What is expected —
Nothing in the data may be altered, so output all of it exactly.

Data provided —

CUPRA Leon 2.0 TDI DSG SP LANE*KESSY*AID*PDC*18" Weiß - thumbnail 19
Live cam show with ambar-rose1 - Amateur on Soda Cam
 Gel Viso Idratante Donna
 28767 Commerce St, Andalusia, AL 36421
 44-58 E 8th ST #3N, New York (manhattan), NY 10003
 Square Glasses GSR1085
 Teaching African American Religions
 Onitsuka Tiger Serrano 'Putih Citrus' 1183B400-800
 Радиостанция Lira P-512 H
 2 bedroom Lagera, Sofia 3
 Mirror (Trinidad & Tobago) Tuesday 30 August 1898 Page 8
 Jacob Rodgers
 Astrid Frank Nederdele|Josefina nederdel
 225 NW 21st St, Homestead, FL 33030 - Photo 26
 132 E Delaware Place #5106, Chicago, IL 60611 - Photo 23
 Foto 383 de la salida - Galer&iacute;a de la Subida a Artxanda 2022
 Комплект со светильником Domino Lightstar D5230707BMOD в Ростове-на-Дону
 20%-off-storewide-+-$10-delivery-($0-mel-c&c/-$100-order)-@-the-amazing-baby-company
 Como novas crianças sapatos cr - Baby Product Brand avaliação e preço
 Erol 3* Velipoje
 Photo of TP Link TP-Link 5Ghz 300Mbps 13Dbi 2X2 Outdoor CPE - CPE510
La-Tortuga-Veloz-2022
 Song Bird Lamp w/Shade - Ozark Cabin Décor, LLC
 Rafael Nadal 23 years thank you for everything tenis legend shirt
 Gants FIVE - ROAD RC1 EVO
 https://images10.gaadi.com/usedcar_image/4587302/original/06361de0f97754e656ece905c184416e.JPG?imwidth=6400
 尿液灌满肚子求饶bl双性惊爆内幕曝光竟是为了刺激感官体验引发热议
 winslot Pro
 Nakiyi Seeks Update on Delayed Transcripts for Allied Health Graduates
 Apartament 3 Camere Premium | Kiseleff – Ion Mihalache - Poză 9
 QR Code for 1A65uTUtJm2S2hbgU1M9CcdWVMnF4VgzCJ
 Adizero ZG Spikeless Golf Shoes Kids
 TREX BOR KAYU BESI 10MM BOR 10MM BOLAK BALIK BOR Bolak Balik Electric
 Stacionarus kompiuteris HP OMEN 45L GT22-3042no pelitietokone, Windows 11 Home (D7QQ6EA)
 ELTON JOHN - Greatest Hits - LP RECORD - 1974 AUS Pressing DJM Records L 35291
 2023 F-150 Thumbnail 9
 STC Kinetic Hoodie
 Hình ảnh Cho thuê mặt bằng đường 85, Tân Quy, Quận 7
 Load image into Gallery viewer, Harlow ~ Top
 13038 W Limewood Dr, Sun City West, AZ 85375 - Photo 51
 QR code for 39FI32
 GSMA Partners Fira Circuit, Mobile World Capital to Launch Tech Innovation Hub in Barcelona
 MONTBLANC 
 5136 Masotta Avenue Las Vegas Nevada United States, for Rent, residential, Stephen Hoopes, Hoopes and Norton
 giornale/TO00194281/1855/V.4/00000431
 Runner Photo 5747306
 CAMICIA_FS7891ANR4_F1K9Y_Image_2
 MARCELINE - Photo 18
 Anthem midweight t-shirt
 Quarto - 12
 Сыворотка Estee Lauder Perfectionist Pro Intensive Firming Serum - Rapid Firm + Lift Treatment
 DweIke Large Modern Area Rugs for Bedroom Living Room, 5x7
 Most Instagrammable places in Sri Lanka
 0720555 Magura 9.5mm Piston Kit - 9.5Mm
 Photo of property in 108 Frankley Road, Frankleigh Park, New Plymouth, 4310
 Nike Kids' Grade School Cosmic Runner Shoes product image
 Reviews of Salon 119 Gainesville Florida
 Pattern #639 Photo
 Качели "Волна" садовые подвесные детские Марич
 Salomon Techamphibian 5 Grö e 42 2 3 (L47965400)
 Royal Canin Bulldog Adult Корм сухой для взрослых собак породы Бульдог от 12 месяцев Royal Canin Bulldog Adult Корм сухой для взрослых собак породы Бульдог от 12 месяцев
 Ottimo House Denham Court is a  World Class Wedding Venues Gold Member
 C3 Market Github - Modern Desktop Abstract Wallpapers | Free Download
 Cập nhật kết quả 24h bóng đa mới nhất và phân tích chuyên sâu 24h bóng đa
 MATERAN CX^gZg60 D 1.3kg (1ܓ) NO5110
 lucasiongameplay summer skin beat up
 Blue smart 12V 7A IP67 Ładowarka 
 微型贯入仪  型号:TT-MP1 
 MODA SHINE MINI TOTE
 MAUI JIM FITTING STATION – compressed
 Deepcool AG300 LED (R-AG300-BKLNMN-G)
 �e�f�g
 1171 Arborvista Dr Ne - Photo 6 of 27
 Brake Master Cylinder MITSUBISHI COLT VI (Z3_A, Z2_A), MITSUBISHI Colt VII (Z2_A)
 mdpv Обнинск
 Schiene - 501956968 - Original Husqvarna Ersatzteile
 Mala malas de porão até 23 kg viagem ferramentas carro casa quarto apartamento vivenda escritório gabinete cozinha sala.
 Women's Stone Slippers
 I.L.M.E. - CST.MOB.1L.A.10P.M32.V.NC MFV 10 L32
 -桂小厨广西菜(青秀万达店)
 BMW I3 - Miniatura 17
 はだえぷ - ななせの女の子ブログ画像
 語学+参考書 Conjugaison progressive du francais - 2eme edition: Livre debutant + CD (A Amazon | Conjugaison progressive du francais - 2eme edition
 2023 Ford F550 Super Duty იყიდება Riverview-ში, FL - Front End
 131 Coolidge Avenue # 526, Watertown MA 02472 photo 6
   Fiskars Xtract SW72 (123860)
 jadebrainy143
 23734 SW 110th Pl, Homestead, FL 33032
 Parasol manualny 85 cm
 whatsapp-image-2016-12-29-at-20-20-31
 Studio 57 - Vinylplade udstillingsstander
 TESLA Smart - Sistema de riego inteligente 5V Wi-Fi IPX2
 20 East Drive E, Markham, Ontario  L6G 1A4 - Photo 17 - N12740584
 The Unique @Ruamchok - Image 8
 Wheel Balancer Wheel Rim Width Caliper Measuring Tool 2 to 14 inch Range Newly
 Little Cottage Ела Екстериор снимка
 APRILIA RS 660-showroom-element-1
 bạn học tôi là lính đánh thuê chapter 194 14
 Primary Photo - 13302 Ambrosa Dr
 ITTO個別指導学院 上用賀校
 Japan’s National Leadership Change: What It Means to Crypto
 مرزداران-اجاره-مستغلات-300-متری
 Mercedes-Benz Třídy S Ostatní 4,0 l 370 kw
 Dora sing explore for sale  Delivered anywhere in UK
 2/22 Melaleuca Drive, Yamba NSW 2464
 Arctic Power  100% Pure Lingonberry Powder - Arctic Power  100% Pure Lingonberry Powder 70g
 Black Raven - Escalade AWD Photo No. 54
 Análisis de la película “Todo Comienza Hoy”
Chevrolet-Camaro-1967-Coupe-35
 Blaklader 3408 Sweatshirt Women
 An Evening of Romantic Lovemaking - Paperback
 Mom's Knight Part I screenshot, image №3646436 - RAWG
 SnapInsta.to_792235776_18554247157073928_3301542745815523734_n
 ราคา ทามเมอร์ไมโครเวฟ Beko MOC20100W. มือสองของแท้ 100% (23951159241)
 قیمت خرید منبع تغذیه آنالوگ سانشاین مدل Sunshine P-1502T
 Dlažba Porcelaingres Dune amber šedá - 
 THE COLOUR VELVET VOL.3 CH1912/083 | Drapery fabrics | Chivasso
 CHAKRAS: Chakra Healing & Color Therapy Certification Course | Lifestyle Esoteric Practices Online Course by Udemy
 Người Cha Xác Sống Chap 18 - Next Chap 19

Result —
CUPRA Leon 2.0 TDI DSG SP LANE*KESSY*AID*PDC*18" Weiß - thumbnail 19
Live cam show with ambar-rose1 - Amateur on Soda Cam
 Gel Viso Idratante Donna
 28767 Commerce St, Andalusia, AL 36421
 44-58 E 8th ST #3N, New York (manhattan), NY 10003
 Square Glasses GSR1085
 Teaching African American Religions
 Onitsuka Tiger Serrano 'Putih Citrus' 1183B400-800
 Радиостанция Lira P-512 H
 2 bedroom Lagera, Sofia 3
 Mirror (Trinidad & Tobago) Tuesday 30 August 1898 Page 8
 Jacob Rodgers
 Astrid Frank Nederdele|Josefina nederdel
 225 NW 21st St, Homestead, FL 33030 - Photo 26
 132 E Delaware Place #5106, Chicago, IL 60611 - Photo 23
 Foto 383 de la salida - Galer&iacute;a de la Subida a Artxanda 2022
 Комплект со светильником Domino Lightstar D5230707BMOD в Ростове-на-Дону
 20%-off-storewide-+-$10-delivery-($0-mel-c&c/-$100-order)-@-the-amazing-baby-company
 Como novas crianças sapatos cr - Baby Product Brand avaliação e preço
 Erol 3* Velipoje
 Photo of TP Link TP-Link 5Ghz 300Mbps 13Dbi 2X2 Outdoor CPE - CPE510
La-Tortuga-Veloz-2022
 Song Bird Lamp w/Shade - Ozark Cabin Décor, LLC
 Rafael Nadal 23 years thank you for everything tenis legend shirt
 Gants FIVE - ROAD RC1 EVO
 https://images10.gaadi.com/usedcar_image/4587302/original/06361de0f97754e656ece905c184416e.JPG?imwidth=6400
 尿液灌满肚子求饶bl双性惊爆内幕曝光竟是为了刺激感官体验引发热议
 winslot Pro
 Nakiyi Seeks Update on Delayed Transcripts for Allied Health Graduates
 Apartament 3 Camere Premium | Kiseleff – Ion Mihalache - Poză 9
 QR Code for 1A65uTUtJm2S2hbgU1M9CcdWVMnF4VgzCJ
 Adizero ZG Spikeless Golf Shoes Kids
 TREX BOR KAYU BESI 10MM BOR 10MM BOLAK BALIK BOR Bolak Balik Electric
 Stacionarus kompiuteris HP OMEN 45L GT22-3042no pelitietokone, Windows 11 Home (D7QQ6EA)
 ELTON JOHN - Greatest Hits - LP RECORD - 1974 AUS Pressing DJM Records L 35291
 2023 F-150 Thumbnail 9
 STC Kinetic Hoodie
 Hình ảnh Cho thuê mặt bằng đường 85, Tân Quy, Quận 7
 Load image into Gallery viewer, Harlow ~ Top
 13038 W Limewood Dr, Sun City West, AZ 85375 - Photo 51
 QR code for 39FI32
 GSMA Partners Fira Circuit, Mobile World Capital to Launch Tech Innovation Hub in Barcelona
 MONTBLANC 
 5136 Masotta Avenue Las Vegas Nevada United States, for Rent, residential, Stephen Hoopes, Hoopes and Norton
 giornale/TO00194281/1855/V.4/00000431
 Runner Photo 5747306
 CAMICIA_FS7891ANR4_F1K9Y_Image_2
 MARCELINE - Photo 18
 Anthem midweight t-shirt
 Quarto - 12
 Сыворотка Estee Lauder Perfectionist Pro Intensive Firming Serum - Rapid Firm + Lift Treatment
 DweIke Large Modern Area Rugs for Bedroom Living Room, 5x7
 Most Instagrammable places in Sri Lanka
 0720555 Magura 9.5mm Piston Kit - 9.5Mm
 Photo of property in 108 Frankley Road, Frankleigh Park, New Plymouth, 4310
 Nike Kids' Grade School Cosmic Runner Shoes product image
 Reviews of Salon 119 Gainesville Florida
 Pattern #639 Photo
 Качели "Волна" садовые подвесные детские Марич
 Salomon Techamphibian 5 Grö e 42 2 3 (L47965400)
 Royal Canin Bulldog Adult Корм сухой для взрослых собак породы Бульдог от 12 месяцев Royal Canin Bulldog Adult Корм сухой для взрослых собак породы Бульдог от 12 месяцев
 Ottimo House Denham Court is a  World Class Wedding Venues Gold Member
 C3 Market Github - Modern Desktop Abstract Wallpapers | Free Download
 Cập nhật kết quả 24h bóng đa mới nhất và phân tích chuyên sâu 24h bóng đa
 MATERAN CX^gZg60 D 1.3kg (1ܓ) NO5110
 lucasiongameplay summer skin beat up
 Blue smart 12V 7A IP67 Ładowarka 
 微型贯入仪  型号:TT-MP1 
 MODA SHINE MINI TOTE
 MAUI JIM FITTING STATION – compressed
 Deepcool AG300 LED (R-AG300-BKLNMN-G)
 �e�f�g
 1171 Arborvista Dr Ne - Photo 6 of 27
 Brake Master Cylinder MITSUBISHI COLT VI (Z3_A, Z2_A), MITSUBISHI Colt VII (Z2_A)
 mdpv Обнинск
 Schiene - 501956968 - Original Husqvarna Ersatzteile
 Mala malas de porão até 23 kg viagem ferramentas carro casa quarto apartamento vivenda escritório gabinete cozinha sala.
 Women's Stone Slippers
 I.L.M.E. - CST.MOB.1L.A.10P.M32.V.NC MFV 10 L32
 -桂小厨广西菜(青秀万达店)
 BMW I3 - Miniatura 17
 はだえぷ - ななせの女の子ブログ画像
 語学+参考書 Conjugaison progressive du francais - 2eme edition: Livre debutant + CD (A Amazon | Conjugaison progressive du francais - 2eme edition
 2023 Ford F550 Super Duty იყიდება Riverview-ში, FL - Front End
 131 Coolidge Avenue # 526, Watertown MA 02472 photo 6
   Fiskars Xtract SW72 (123860)
 jadebrainy143
 23734 SW 110th Pl, Homestead, FL 33032
 Parasol manualny 85 cm
 whatsapp-image-2016-12-29-at-20-20-31
 Studio 57 - Vinylplade udstillingsstander
 TESLA Smart - Sistema de riego inteligente 5V Wi-Fi IPX2
 20 East Drive E, Markham, Ontario  L6G 1A4 - Photo 17 - N12740584
 The Unique @Ruamchok - Image 8
 Wheel Balancer Wheel Rim Width Caliper Measuring Tool 2 to 14 inch Range Newly
 Little Cottage Ела Екстериор снимка
 APRILIA RS 660-showroom-element-1
 bạn học tôi là lính đánh thuê chapter 194 14
 Primary Photo - 13302 Ambrosa Dr
 ITTO個別指導学院 上用賀校
 Japan’s National Leadership Change: What It Means to Crypto
 مرزداران-اجاره-مستغلات-300-متری
 Mercedes-Benz Třídy S Ostatní 4,0 l 370 kw
 Dora sing explore for sale  Delivered anywhere in UK
 2/22 Melaleuca Drive, Yamba NSW 2464
 Arctic Power  100% Pure Lingonberry Powder - Arctic Power  100% Pure Lingonberry Powder 70g
 Black Raven - Escalade AWD Photo No. 54
 Análisis de la película “Todo Comienza Hoy”
Chevrolet-Camaro-1967-Coupe-35
 Blaklader 3408 Sweatshirt Women
 An Evening of Romantic Lovemaking - Paperback
 Mom's Knight Part I screenshot, image №3646436 - RAWG
 SnapInsta.to_792235776_18554247157073928_3301542745815523734_n
 ราคา ทามเมอร์ไมโครเวฟ Beko MOC20100W. มือสองของแท้ 100% (23951159241)
 قیمت خرید منبع تغذیه آنالوگ سانشاین مدل Sunshine P-1502T
 Dlažba Porcelaingres Dune amber šedá - 
 THE COLOUR VELVET VOL.3 CH1912/083 | Drapery fabrics | Chivasso
 CHAKRAS: Chakra Healing & Color Therapy Certification Course | Lifestyle Esoteric Practices Online Course by Udemy
 Người Cha Xác Sống Chap 18 - Next Chap 19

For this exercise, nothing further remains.